Послышался знакомый скрежет, громкий скрип, лязг металла. Это открылась и закрылась западная дверь. Отец Бернард чуть отодвинулся от кающейся. Его глаза, привыкшие к сумраку, на миг ослепило сверкание красно-синих одежд высокого Христа-судии, опирающегося на меч на витраже в западном окне. Тяжелая поступь, крупное тело приближалось по проходу. Отец Бернард поднялся на ноги.
Джон Роберт, который видел еще хуже, поскольку вошел со света в темноту, пробирался к поднявшейся фигуре, чуть подсвеченной из алтаря. Хотя на фигуре теперь были совсем другие одежды, философ узнал человека, на которого ему вчера указал в Купальнях Ящерка Билль. Он подошел к священнику и сказал:
— Розанов.
Это слово, произнесенное странным голосом Джона Роберта, ничего не сказало бы священнику, если бы несколько человек не показали ему философа там же и тогда же.

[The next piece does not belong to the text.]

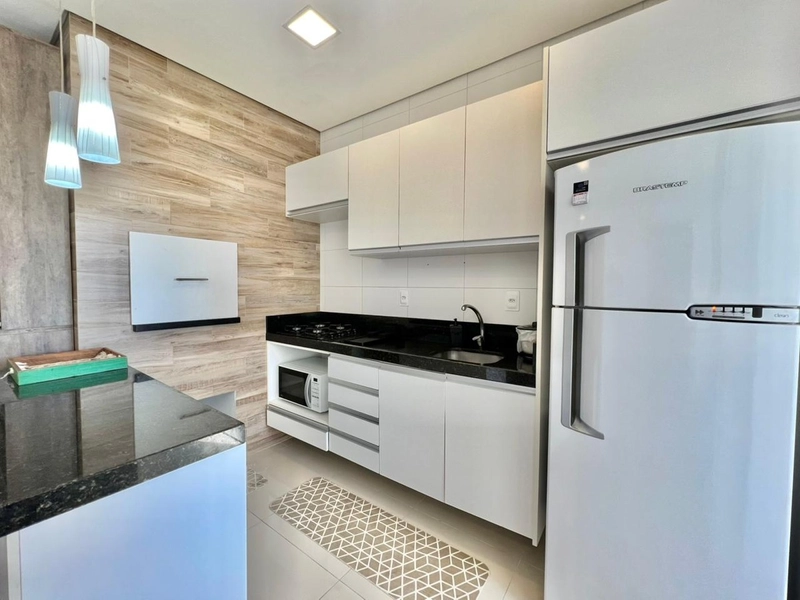 APARTAMENTO DE 01 DORMITÓRIO NA AV. CENTRAL: 5ª foto da galeria de imagens do imóvel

— Здравствуйте, — ответил он. — Я отец Бернард, настоятель. Добро пожаловать.
В груди внезапно стало горячо и тесно.
— А это миссис Седлей… возможно, вы уже…
Диана к этому времени тоже встала. Она, конечно, не была знакома с Джоном Робертом, хотя знала его в лицо. Она стояла, задыхаясь и панически трепеща, словно лань, что внезапно учуяла близость льва. (От философа действительно исходил кислый животный запах, который уловило и утонченное обоняние отца Бернарда.) Этот крупный мужчина, подошедший на опасно близкое расстояние, держал в руках судьбу Джорджа, ведал жизнью и смертью. Дрожа от внезапного озарения, Диана подумала: «Да знает ли он, кто я?» (Он на самом деле не знал.)
Джон Роберт кивнул. Диана пробормотала, что ей надо идти, и бегом удалилась в сторону западной двери, почти бесшумно касаясь плиток пола быстрыми ногами.
Отец Бернард неопределенно махнул ей вслед. Он и сам изрядно растерялся. Он был удивлен, смущен, обеспокоен, стеснялся и даже боялся непонятно чего.
— Я хотел вас кое о чем попросить, — сказал Розанов, уже намного отчетливей.
— Конечно… подождите, я свет включу.
Священник тихо, шелестя одеяниями, переместился к ближайшему распределительному щиту и осветил боковую часовню с викторианской картиной, изображающей Христа в Эммаусе.
Он пригладил пальцами свои девичьи кудри и вернулся к Джону Роберту, который уже сел. Отец Бернард устроился на скамье, перед собеседником, и, прежде чем взглянуть на него, тщательно запахнул полы подрясника, затем повернулся лицом к философу.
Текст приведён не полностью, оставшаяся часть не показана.